É preciso avançar muito mais. Fazer cumprir a legislação na Amazônia. Levar à prática o programa de controle das emissões por veículos, empacado há mais de uma década porque Estados e prefeituras disputam quem ficará com a arrecadação das taxas de inspeção. Impedir que programas de produção do biodiesel a partir da soja levem a mais desmatamento na Amazônia (onde continua à espera de resposta do governo federal a proposta da Sociedade Brasileira para o Progresso da Ciência de desmatamento zero e implantação de forte programa de investimento em ciência para conhecimento e utilização da biodiversidade). E será preciso investir muito mais em programas de outras energias alternativas, como a solar, a eólica e a das marés.

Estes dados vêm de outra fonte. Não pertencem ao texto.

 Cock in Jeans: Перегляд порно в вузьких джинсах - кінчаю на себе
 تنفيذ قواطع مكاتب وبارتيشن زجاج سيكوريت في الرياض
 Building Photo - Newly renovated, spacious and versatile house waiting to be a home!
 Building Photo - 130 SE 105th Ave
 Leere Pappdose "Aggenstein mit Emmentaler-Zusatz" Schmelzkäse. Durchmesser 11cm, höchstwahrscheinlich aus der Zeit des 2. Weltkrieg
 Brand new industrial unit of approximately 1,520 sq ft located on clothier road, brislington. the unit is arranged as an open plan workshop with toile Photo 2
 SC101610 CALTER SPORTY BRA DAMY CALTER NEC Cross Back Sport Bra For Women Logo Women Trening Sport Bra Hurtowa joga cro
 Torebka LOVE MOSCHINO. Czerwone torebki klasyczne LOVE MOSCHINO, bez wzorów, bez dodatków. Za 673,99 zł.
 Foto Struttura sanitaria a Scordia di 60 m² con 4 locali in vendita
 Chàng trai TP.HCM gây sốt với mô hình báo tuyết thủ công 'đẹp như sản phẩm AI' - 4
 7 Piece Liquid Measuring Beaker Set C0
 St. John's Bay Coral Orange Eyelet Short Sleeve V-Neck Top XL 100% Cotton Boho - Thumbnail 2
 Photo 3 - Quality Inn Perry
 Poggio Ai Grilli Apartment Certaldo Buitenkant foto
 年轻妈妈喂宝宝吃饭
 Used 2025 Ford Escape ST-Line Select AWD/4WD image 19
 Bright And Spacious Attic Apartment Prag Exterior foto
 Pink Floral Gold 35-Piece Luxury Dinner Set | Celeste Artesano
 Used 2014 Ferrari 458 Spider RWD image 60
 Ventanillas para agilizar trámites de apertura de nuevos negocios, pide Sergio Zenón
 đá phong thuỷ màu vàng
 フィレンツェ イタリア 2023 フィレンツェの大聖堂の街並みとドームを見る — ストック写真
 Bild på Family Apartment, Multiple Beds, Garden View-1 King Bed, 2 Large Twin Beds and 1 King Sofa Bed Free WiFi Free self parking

Também não se pode mais fugir a uma discussão ampla sobre a matriz energética brasileira, que defina as reais necessidades do País, desatreladas de programas de megaobras para expansão da oferta de energia a custos inaceitáveis (como têm também as desnecessárias termoelétricas e a perigosa energia nuclear). E dialogar com a sociedade sobre a disposição de aceitar ou não compromisso de redução de emissões, proporcional à contribuição do Brasil para a concentração de gases que já estão na atmosfera.